───── Recorded information

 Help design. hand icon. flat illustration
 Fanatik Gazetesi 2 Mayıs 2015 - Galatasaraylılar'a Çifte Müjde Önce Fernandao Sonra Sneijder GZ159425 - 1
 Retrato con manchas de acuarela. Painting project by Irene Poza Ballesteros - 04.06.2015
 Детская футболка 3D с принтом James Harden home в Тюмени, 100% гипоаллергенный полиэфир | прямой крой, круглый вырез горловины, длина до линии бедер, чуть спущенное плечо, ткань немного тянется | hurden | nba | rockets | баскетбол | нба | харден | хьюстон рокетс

──────────
───── Recorded information

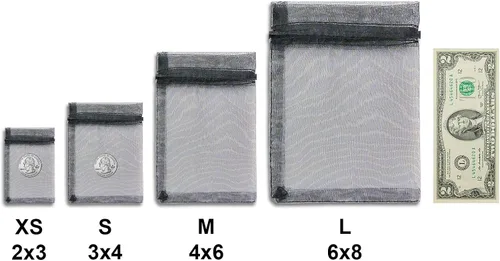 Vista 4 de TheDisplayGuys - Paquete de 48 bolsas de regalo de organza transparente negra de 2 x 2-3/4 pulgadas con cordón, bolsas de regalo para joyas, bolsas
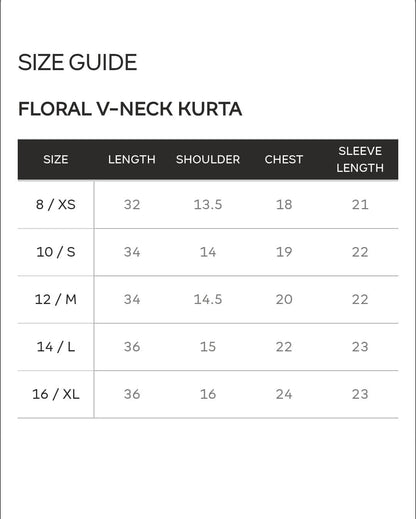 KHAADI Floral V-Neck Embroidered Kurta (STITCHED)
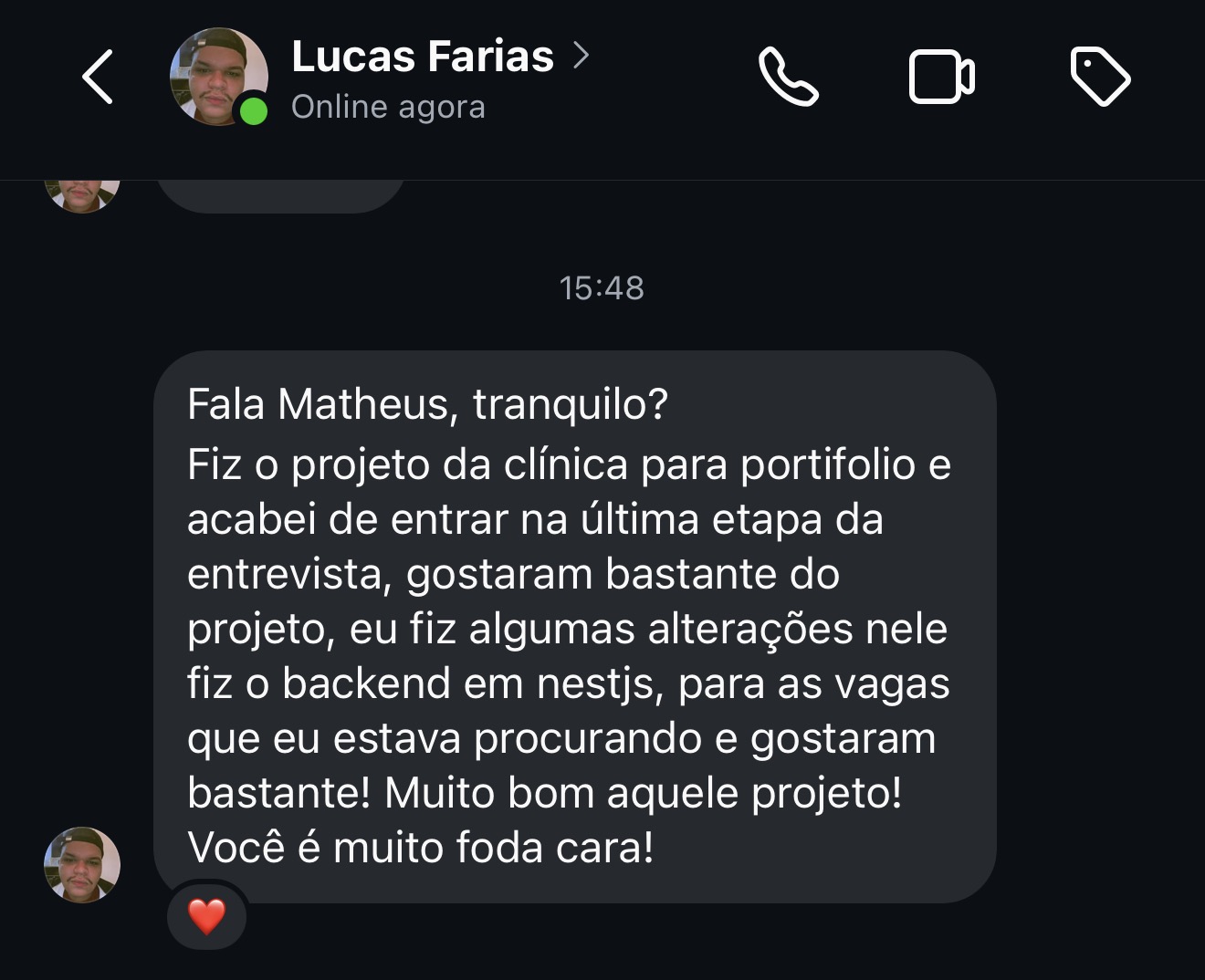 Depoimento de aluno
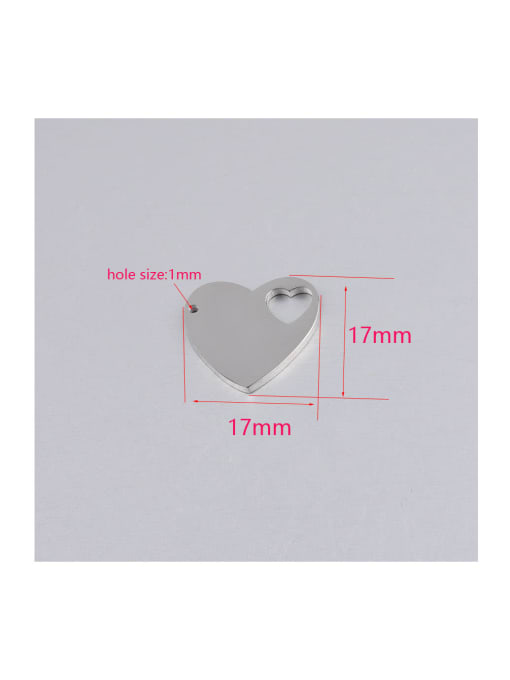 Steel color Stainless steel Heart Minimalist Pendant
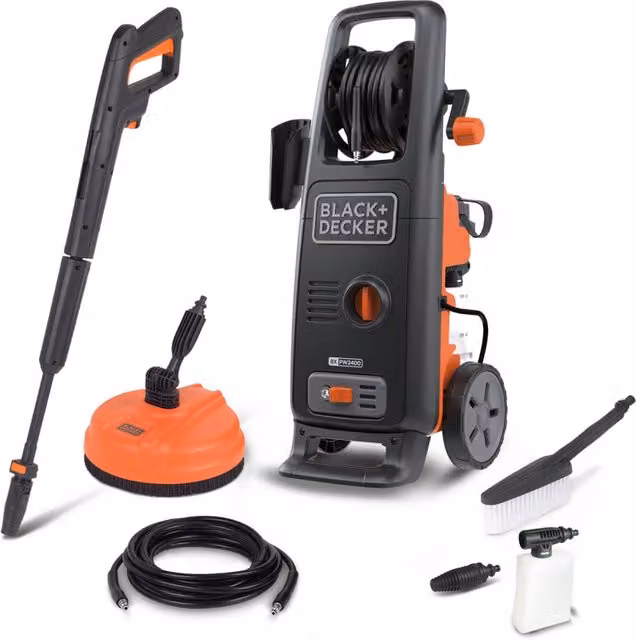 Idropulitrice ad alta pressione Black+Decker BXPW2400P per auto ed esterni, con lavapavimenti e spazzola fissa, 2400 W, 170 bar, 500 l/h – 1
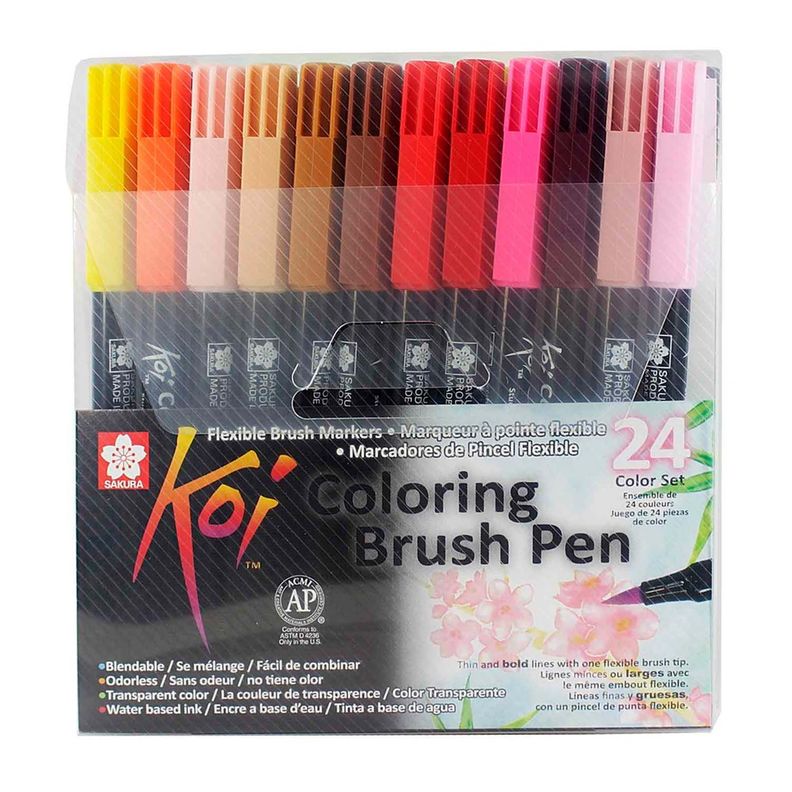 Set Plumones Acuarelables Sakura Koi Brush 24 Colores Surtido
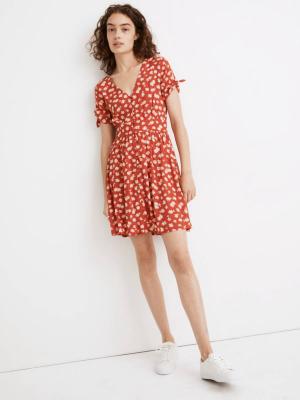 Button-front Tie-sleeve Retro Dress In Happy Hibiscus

──────────

What the exercise asks: Please copy out from the data above, without any picture, exactly the lines running from the one that holds "Set Plumones Acuarelables" through the one that holds "Button-front Tie-sleeve Retro", and nothing beyond them.

Answer box:
 Set Plumones Acuarelables Sakura Koi Brush 24 Colores Surtido
 Button-front Tie-sleeve Retro Dress In Happy Hibiscus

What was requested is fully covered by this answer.